» Task objective:
Nothing outside the range below should be printed. Output exactly the lines from the line with "White pillow cover" to the line with "living room featuring", both included.

» Entries shown:
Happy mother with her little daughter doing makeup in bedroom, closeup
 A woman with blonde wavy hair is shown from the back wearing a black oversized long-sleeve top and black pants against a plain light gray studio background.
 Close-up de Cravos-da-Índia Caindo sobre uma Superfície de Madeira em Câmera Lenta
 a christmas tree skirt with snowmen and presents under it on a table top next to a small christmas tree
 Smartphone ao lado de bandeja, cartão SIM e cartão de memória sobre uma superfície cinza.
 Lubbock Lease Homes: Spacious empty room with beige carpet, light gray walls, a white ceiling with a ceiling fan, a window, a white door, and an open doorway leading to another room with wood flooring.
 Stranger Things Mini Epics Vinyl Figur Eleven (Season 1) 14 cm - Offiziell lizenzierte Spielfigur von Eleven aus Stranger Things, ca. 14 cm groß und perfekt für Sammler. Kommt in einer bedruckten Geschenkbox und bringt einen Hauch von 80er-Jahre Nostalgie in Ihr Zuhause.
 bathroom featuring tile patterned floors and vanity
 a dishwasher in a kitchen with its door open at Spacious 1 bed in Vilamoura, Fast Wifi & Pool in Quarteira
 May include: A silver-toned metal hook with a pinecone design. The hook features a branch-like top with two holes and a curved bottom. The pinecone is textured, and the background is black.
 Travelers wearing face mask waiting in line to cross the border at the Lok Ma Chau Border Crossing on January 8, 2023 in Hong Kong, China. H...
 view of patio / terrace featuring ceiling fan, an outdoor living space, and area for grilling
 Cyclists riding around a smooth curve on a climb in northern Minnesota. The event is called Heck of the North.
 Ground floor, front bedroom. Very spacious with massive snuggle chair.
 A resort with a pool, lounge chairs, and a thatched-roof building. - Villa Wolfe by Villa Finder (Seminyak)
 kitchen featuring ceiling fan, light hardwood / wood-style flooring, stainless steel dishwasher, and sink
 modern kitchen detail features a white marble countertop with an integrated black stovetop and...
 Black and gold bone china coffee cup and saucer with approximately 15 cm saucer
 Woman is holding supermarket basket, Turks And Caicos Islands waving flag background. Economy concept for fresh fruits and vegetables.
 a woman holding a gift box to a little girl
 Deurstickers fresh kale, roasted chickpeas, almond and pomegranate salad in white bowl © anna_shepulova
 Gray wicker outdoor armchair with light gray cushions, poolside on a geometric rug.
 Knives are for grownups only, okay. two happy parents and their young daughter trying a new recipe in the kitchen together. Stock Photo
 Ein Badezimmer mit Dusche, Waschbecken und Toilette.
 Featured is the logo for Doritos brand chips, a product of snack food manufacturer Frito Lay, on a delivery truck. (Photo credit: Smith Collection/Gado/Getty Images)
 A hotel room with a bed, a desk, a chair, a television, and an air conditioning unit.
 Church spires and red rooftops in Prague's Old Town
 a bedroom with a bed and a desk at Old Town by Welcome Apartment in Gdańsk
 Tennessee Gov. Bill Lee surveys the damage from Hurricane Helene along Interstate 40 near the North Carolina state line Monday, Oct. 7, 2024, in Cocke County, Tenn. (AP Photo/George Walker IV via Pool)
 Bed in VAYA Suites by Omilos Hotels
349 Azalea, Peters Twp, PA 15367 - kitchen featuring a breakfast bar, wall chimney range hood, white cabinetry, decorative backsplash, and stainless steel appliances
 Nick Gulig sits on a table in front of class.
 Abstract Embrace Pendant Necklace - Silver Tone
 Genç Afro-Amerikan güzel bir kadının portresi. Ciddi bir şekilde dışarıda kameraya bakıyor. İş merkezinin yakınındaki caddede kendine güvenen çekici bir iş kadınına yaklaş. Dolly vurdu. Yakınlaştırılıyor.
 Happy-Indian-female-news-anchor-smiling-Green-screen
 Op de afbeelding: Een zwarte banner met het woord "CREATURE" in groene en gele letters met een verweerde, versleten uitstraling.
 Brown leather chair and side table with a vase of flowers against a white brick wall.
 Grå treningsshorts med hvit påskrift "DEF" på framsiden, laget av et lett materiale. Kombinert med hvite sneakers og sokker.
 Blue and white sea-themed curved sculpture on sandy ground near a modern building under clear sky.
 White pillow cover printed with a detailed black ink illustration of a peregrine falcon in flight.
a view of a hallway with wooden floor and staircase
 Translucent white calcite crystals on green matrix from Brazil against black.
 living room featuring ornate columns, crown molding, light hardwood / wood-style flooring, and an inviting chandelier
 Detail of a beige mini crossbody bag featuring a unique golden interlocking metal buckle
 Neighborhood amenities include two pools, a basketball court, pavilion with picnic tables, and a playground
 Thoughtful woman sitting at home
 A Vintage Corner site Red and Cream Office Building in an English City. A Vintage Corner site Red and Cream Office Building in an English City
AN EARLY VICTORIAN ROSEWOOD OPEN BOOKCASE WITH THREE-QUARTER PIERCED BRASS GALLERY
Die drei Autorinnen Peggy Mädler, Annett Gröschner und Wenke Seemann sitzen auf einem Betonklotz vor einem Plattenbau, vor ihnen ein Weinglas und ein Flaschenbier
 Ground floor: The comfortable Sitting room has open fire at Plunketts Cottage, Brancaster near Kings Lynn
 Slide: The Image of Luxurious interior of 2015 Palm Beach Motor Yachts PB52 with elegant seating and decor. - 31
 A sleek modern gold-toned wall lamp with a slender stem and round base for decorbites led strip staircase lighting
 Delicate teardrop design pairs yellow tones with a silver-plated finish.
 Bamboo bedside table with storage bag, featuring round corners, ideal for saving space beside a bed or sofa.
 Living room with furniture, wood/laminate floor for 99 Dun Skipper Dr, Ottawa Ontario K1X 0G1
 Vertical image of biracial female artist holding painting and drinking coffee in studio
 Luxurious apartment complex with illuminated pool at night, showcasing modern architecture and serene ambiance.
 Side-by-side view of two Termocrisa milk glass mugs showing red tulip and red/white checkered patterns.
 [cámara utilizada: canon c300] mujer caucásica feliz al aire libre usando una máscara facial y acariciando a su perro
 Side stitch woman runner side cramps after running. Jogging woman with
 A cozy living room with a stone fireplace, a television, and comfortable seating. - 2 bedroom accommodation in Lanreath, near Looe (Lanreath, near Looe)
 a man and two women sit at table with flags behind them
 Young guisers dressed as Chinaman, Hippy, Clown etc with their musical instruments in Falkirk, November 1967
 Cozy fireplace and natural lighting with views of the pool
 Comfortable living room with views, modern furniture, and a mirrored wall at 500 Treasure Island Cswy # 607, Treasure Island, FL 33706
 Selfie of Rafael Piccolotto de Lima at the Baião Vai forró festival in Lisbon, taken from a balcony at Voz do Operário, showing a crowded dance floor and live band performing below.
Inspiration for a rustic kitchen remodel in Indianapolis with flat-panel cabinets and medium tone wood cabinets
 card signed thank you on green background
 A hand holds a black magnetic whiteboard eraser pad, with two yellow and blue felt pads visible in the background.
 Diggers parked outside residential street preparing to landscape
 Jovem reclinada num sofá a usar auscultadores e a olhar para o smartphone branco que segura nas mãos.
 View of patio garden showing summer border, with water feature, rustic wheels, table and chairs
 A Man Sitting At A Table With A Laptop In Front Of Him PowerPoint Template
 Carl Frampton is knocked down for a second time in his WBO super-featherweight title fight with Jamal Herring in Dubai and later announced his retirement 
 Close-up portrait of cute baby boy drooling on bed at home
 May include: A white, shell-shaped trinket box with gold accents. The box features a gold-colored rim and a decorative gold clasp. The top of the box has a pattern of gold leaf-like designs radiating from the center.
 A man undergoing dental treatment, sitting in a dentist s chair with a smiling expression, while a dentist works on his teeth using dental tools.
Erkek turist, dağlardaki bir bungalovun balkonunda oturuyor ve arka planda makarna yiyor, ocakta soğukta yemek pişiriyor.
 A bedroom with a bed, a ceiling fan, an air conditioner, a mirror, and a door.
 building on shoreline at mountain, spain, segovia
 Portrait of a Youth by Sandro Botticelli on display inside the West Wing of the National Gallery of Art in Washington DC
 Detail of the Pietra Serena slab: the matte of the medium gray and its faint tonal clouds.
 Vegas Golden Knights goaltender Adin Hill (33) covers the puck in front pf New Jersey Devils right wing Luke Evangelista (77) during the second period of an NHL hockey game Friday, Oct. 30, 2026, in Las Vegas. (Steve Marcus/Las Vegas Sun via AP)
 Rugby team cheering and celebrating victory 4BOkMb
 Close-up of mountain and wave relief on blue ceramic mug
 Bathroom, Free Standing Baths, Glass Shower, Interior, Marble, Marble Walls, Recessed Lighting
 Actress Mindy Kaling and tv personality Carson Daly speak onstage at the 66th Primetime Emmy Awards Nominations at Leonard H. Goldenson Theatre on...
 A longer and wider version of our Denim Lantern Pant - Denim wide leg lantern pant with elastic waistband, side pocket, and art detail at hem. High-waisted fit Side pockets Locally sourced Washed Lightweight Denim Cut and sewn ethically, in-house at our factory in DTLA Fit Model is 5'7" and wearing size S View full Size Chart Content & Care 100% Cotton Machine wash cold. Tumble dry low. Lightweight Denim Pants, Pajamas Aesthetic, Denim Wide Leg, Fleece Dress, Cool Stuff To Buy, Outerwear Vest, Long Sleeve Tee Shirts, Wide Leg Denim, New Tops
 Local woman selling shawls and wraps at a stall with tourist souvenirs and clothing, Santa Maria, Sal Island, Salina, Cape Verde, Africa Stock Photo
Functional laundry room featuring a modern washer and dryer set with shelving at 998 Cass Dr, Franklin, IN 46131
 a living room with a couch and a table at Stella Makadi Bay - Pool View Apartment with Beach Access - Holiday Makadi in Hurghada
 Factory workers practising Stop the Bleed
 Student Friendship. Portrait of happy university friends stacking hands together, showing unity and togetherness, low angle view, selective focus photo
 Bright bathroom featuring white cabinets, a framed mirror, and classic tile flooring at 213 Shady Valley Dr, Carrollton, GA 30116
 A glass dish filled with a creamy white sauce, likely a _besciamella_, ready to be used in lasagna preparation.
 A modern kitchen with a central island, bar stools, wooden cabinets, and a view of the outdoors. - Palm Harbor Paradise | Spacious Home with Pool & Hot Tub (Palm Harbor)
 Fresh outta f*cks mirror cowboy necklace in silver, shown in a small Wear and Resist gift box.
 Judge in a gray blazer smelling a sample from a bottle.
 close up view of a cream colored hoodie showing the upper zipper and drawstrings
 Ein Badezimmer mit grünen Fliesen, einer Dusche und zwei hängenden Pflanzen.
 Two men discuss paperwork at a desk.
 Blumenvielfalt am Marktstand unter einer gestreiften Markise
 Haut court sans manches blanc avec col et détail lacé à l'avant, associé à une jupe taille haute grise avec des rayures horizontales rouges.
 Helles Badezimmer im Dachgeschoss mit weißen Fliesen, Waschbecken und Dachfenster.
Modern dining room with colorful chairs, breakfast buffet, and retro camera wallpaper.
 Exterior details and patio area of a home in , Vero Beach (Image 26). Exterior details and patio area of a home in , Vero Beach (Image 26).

» Problem solution:
 White pillow cover printed with a detailed black ink illustration of a peregrine falcon in flight.
a view of a hallway with wooden floor and staircase
 Translucent white calcite crystals on green matrix from Brazil against black.
 living room featuring ornate columns, crown molding, light hardwood / wood-style flooring, and an inviting chandelier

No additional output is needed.